Когда они шли через библиотеку, Кейт сказала:
— Она думает, что это сделала Джо Стейвли. Миссис Стейвли, несомненно, очень близко к сердцу принимает то, что случилось с Адрианом Бойцом, но ведь она медсестра. Зачем ей убивать таким способом? Она могла бы сделать Оливеру смертельный укол, когда брала у него кровь на анализ. Впрочем, это смешно. Она стала бы главным подозреваемым.
— И разве это не шло бы вразрез с естественными для нее чувствами? — спросил Дэлглиш. — Кроме того, следует помнить, что убийство могло быть импульсивным, а не предумышленным. Но у нее, конечно, хватило бы сил перекинуть тело Оливера через поручни, и она легко могла бы пройти из коттеджа «Дельфин» к маяку вдоль нижней скалы. Однако я как-то не вижу Джо Стейвли в роли убийцы. И к тому же, мне думается, нам никогда еще не приходилось иметь дело с такой невероятной компанией подозреваемых.
4
Как миссис Бербридж и ожидала, во второй половине дня Милли вернулась, но не для того, чтобы продолжать работу над епитрахилью. Вместо этого они обе потратили целый час, укладывая мотки цветных шелковых ниток в коробки в определенном порядке, а затем упаковали ризу в длинный картонный ящик, перед тем с волнением и заботой обернув ее в папиросную бумагу.
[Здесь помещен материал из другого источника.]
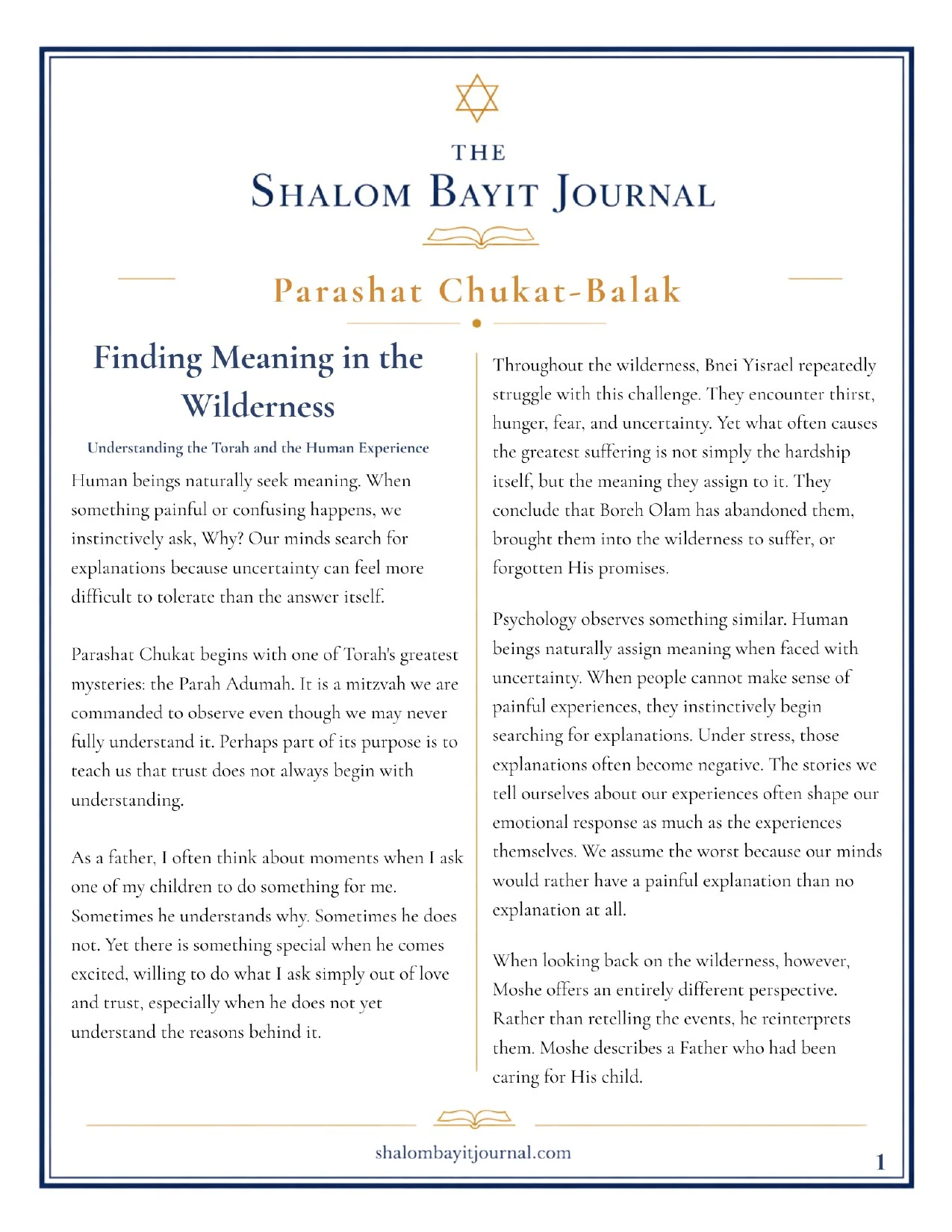 Finding Meaning in the Wilderness, page 1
Почти всю работу они проделали в молчании. Потом обе сняли белые халаты и вместе отправились в безукоризненную кухню миссис Бербридж, где она вскипятила чай. Две вышивальщицы пили чай, сидя за кухонным столом.
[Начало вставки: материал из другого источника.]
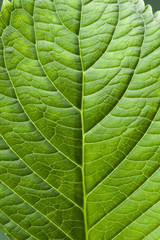 Obraz premium 葉っぱ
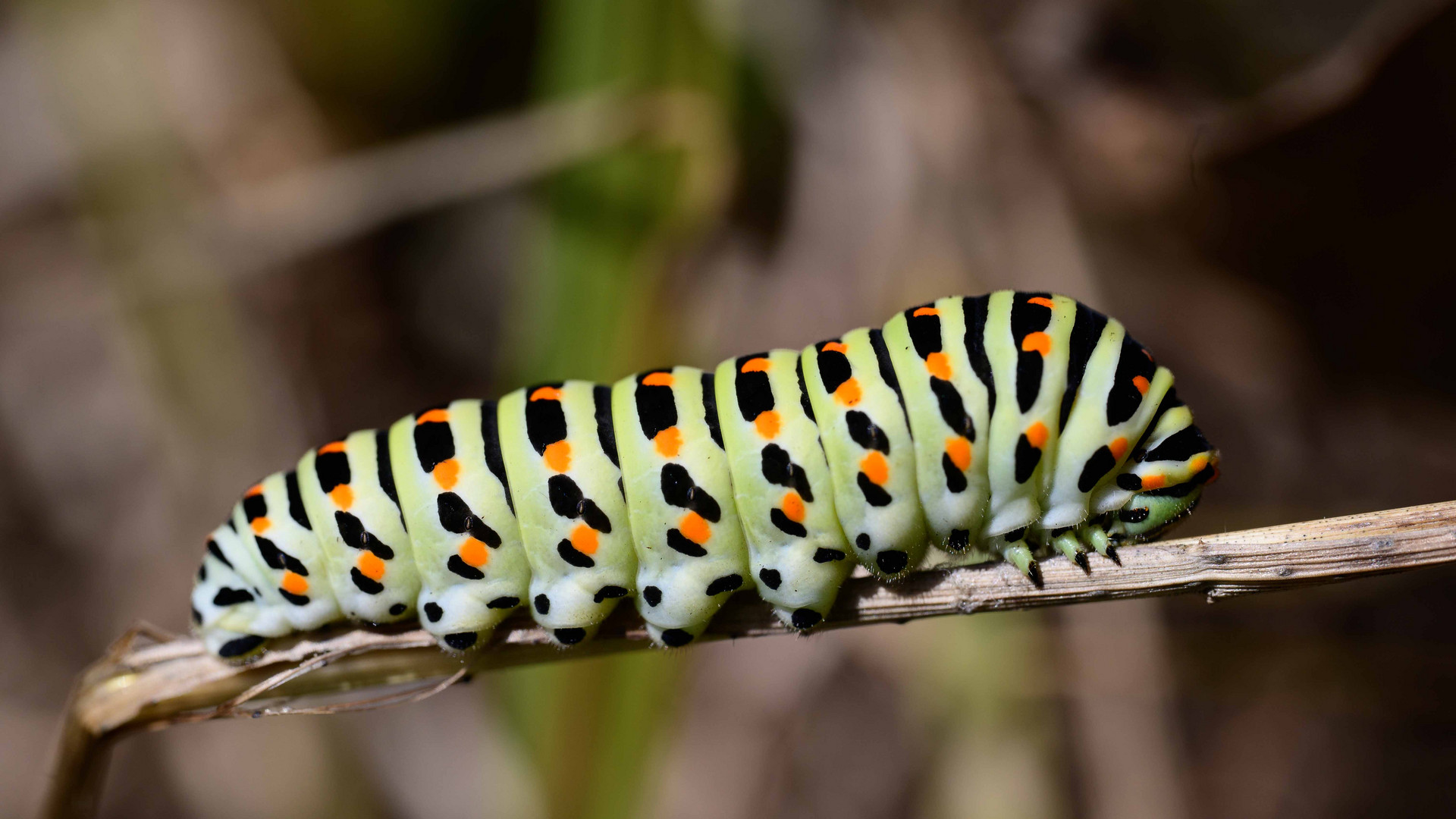 Raupe eines Schwalbenschwanzes (Papilio machaon)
Бурное горе Милли по поводу смерти Натана Оливера утихло, и теперь, после того как ее опрашивал Дэлглиш, оно сменилось угрюмо-молчаливым приятием случившегося. Но было кое-что, о чем миссис Бербридж должна была с ней поговорить. Сидя напротив Милли, она собиралась с силами, чтобы сказать ей это.
— Милли, — начала она, — ты ведь сказала мистеру Дэлглишу правду о том, что случилось с запиской доктора Шпайделя? Я не имею в виду, что ты говорила не вполне честно, но иногда мы забываем какие-то важные подробности, а иногда говорим не все, что знаем, пытаясь защитить кого-то другого.
— А как же еще, я ему правду сказала. Кто это говорит, что я наврала?
— Никто не говорит, Милли. Я просто хотела знать точно.